81% of organizations now exceed their cloud budgets and 27% of cloud spend is pure waste, climbing to 55% in teams without a real optimization process. AWS bills surprise people for the same reasons every time: pricing that's hard to model, resource sprawl that compounds quietly, and auto-scaling that does exactly what you told it to. This guide covers the patterns that cause unexpected charges, the controls that actually work, and the point where AWS cost optimization stops paying off, usually around the GPU line items. For AI infrastructure specifically, see the GPU cost optimization playbook.

Why AWS Bills Surprise You
AWS pricing isn't deceptive, it's just dense. Every resource has its own meter, charges show up under several different line items, and the "Other" category alone can hide six figures of recurring spend. Flexera's 2024 State of the Cloud report puts the average budget overrun at 15%, but the harder numbers are buried in the breakdown:
- 84% of organizations now call managing cloud spend their top IT challenge
- 67% see higher cloud costs than their initial projections
- 62% had cloud storage cost overruns in 2024, up nine points year over year
- 31% spend more than $12 million a year on public cloud, with some over $1 billion
The pattern is consistent.

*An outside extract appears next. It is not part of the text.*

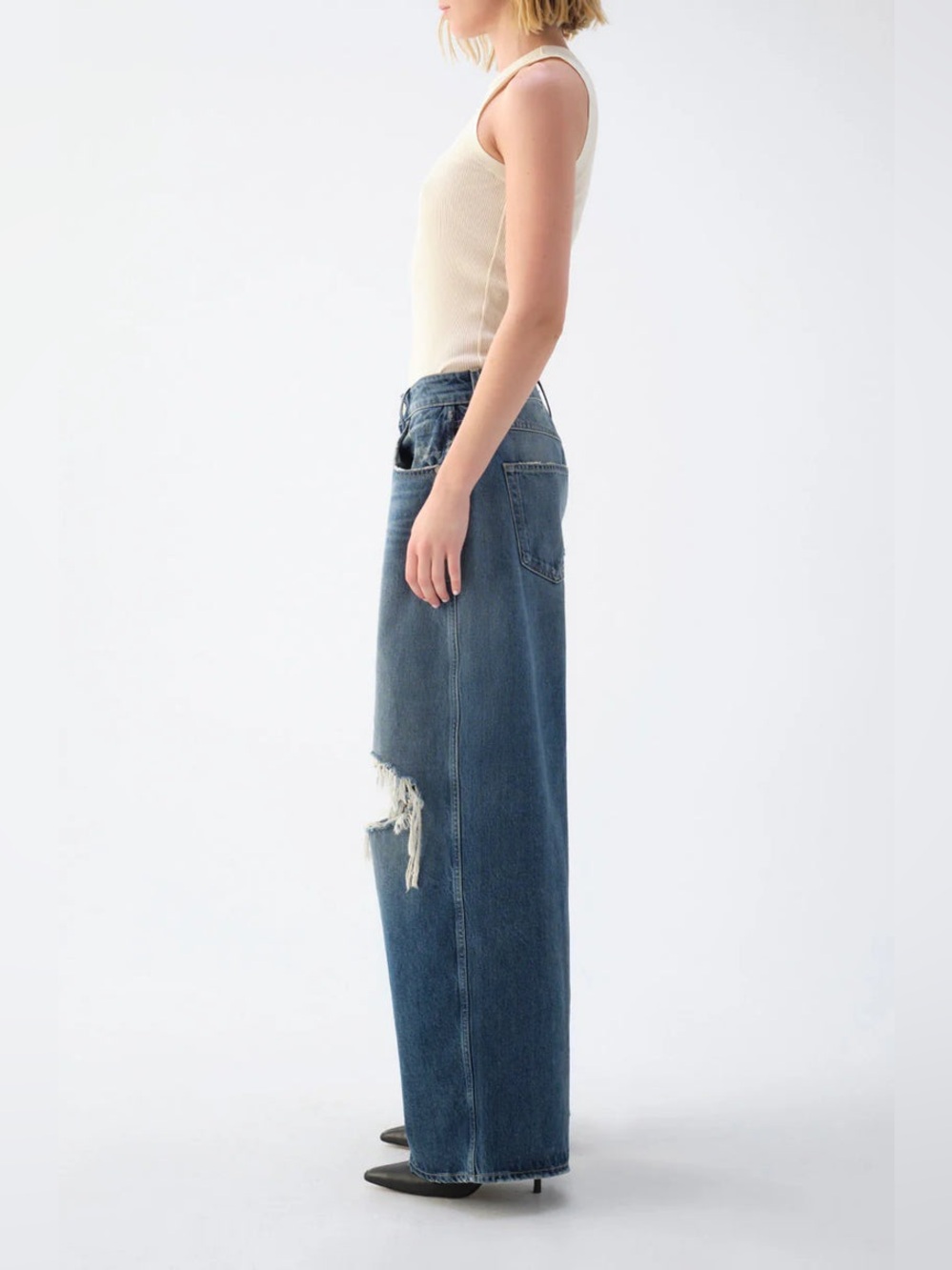 AMO Distressed Wide-Leg Mid-Blue Jeans - Picture 3 of 14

Most teams understand their compute line items. Almost no team has a clean grip on what's happening in egress, snapshots, idle resources, and managed-service markups.
Where the Surprise Charges Come From
Data transfer fees
The biggest one, and the most invisible. AWS charges $0.09/GB for data leaving to the internet (first 10 TB), dropping to $0.06/GB past 150 TB. Cross-region transfers run $0.01-$0.02/GB. Cross-AZ inside one region adds $0.01/GB each way.

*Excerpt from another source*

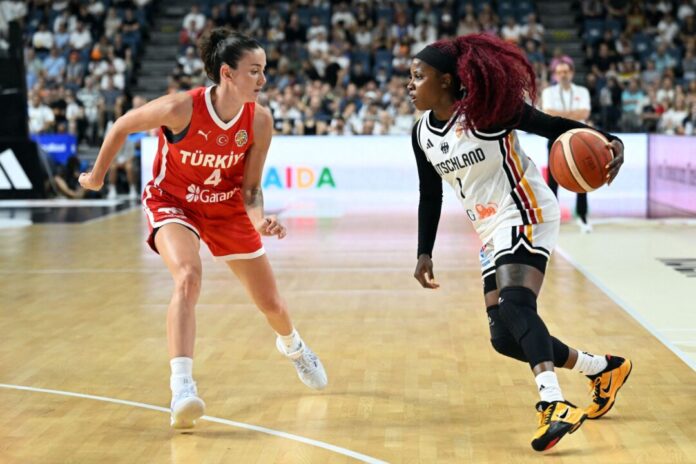 Deutschland - Türkei Alexis Peterson (r) zeigte bei der WM-Generalprobe eine starke Leistung.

One documented audit found data transfer alone made up 45% of an enterprise's EC2 "Other" costs, $54,000 a year on a charge nobody knew existed. For AI teams pulling large training datasets, transferring checkpoints across regions, or serving inference globally, this is usually the single biggest surprise on the invoice. For a full picture of how AWS GPU pricing compares to alternatives, see the AWS, GCP, and Azure GPU alternative guide.

Idle and forgotten resources
The cloud's flexibility cuts both ways. The same APIs that let a developer spin up a test environment in seconds let that environment sit untouched for months. A full audit usually surfaces:
- Unused Elastic IPs: $3.60/month each when unattached
- Unattached EBS volumes: $0.05-$0.10/GB-month
- Aged snapshots and AMIs: $0.05/GB-month, often gigabytes per project
- EC2 instances left running over weekends and holidays

One audited case put EC2 "Other" at $120,000 annually, 20% of total EC2 spend. The breakdown: data transfer $54K, EBS snapshots $36K, Elastic IPs $18K, miscellaneous $12K. None of those line items were budgeted.
Auto-scaling gone wrong
Auto-scaling does what you tell it to. If your policy is sensitive enough to spin up dozens of instances on a temporary spike, it will. One gaming company saw a misconfigured scaling policy run up $1 million in charges before anyone caught it. Without guardrails, alerts, and kill switches, auto-scaling turns from a cost saver into a faucet.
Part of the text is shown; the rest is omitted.